Crawled caption data -
______

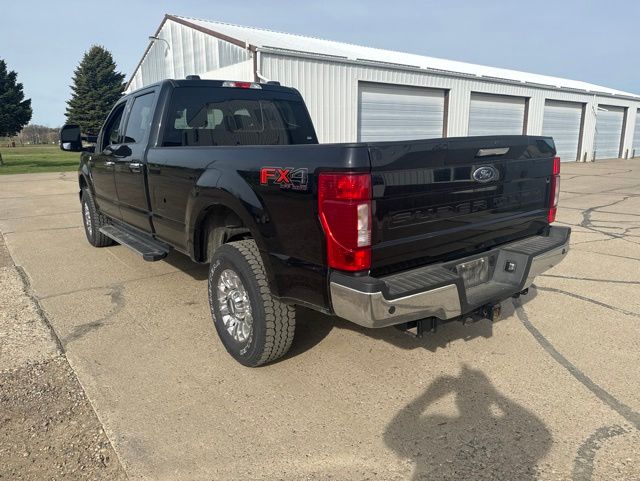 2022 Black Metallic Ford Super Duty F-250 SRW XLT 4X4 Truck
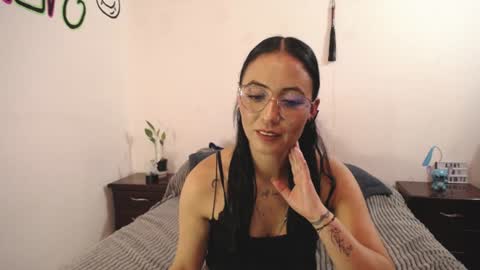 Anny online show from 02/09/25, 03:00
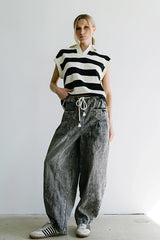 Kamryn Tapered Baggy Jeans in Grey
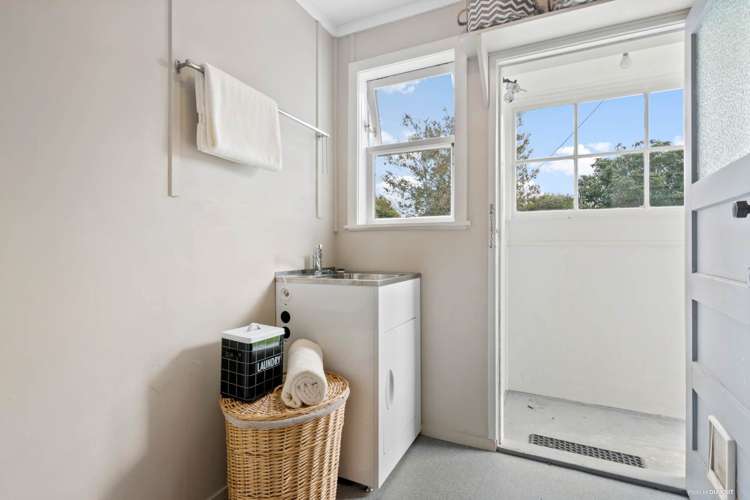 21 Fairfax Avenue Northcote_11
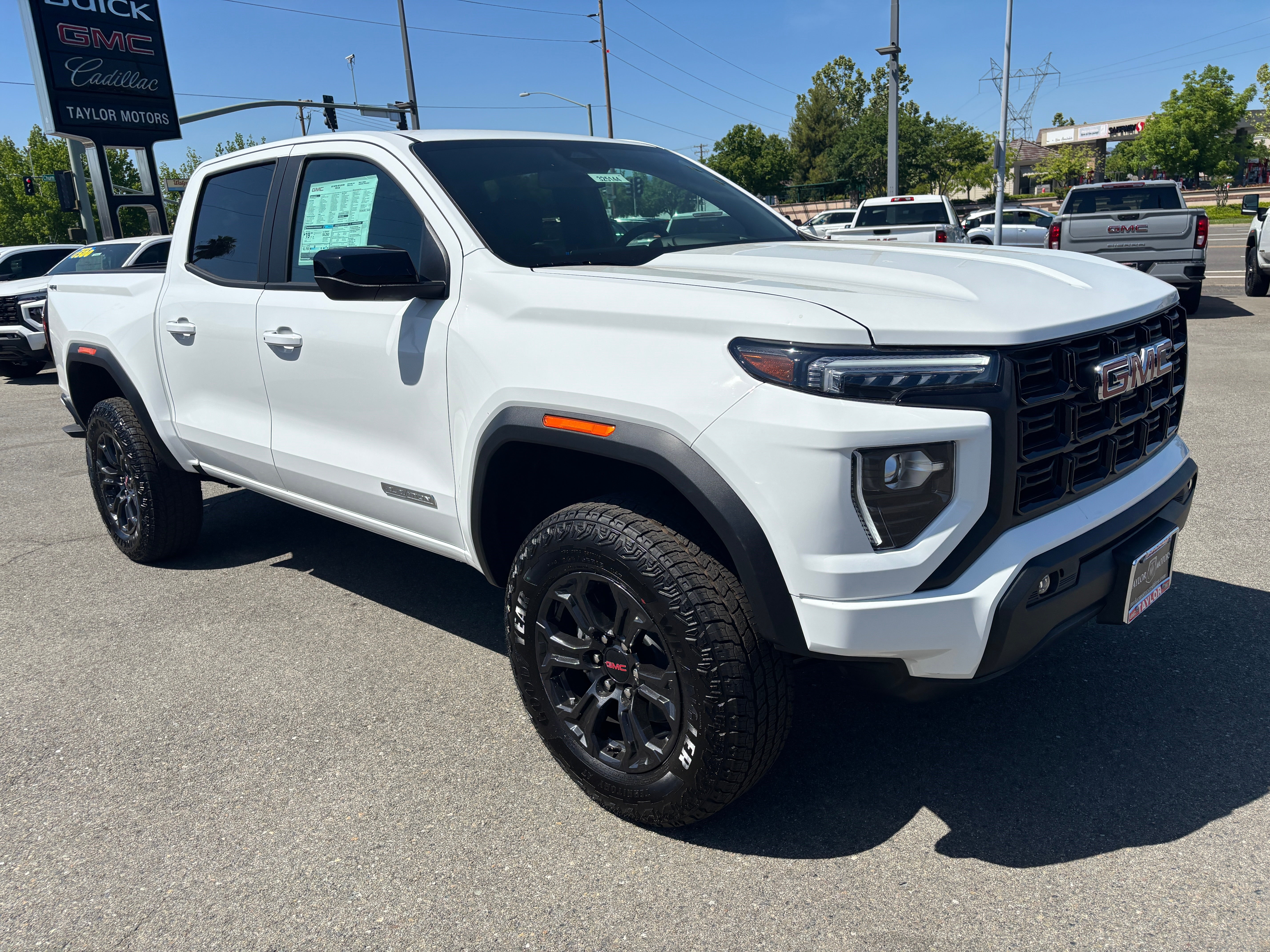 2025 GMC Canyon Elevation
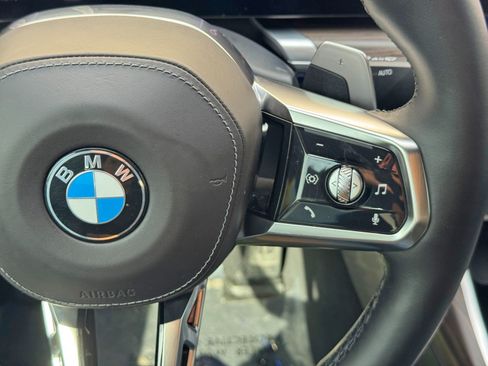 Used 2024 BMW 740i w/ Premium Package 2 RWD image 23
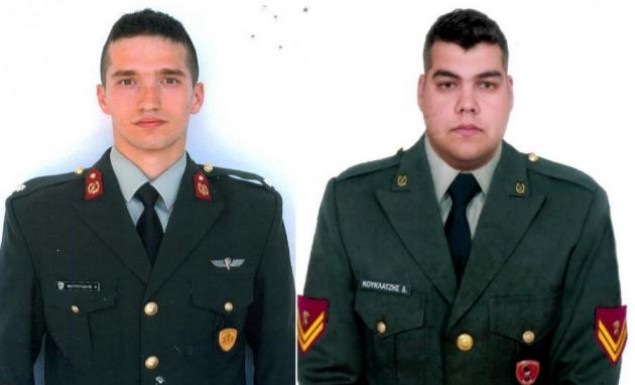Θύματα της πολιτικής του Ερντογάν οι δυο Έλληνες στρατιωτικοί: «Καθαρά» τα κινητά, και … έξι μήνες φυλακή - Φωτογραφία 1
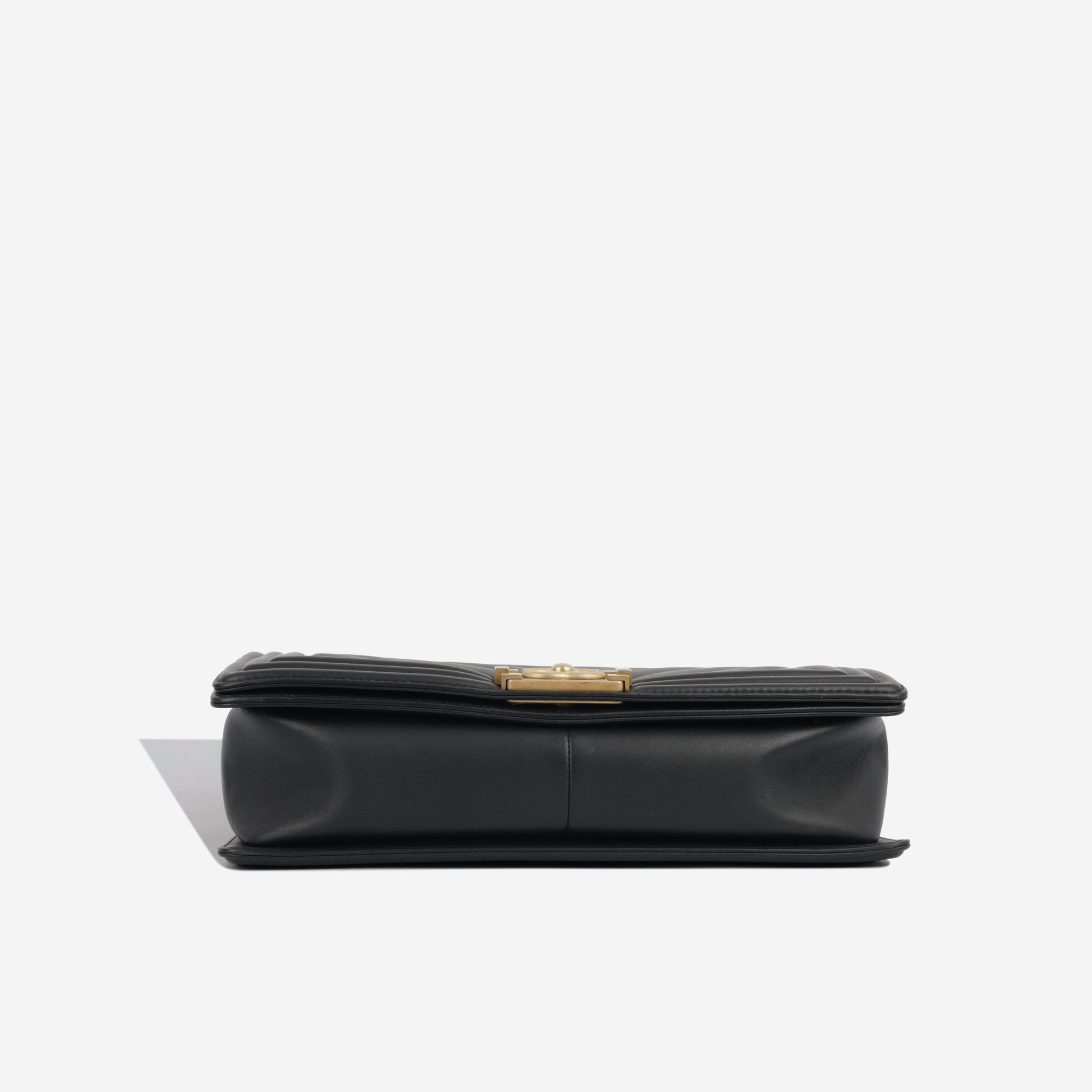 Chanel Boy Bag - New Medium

______

TASK TO COMPLETE - Retyped exactly, the lines from the one holding "Used 2024 BMW" through the last line of the data above are the whole answer. Pictures stay out.

ANSWER -
 Used 2024 BMW 740i w/ Premium Package 2 RWD image 23
Θύματα της πολιτικής του Ερντογάν οι δυο Έλληνες στρατιωτικοί: «Καθαρά» τα κινητά, και … έξι μήνες φυλακή - Φωτογραφία 1
 Chanel Boy Bag - New Medium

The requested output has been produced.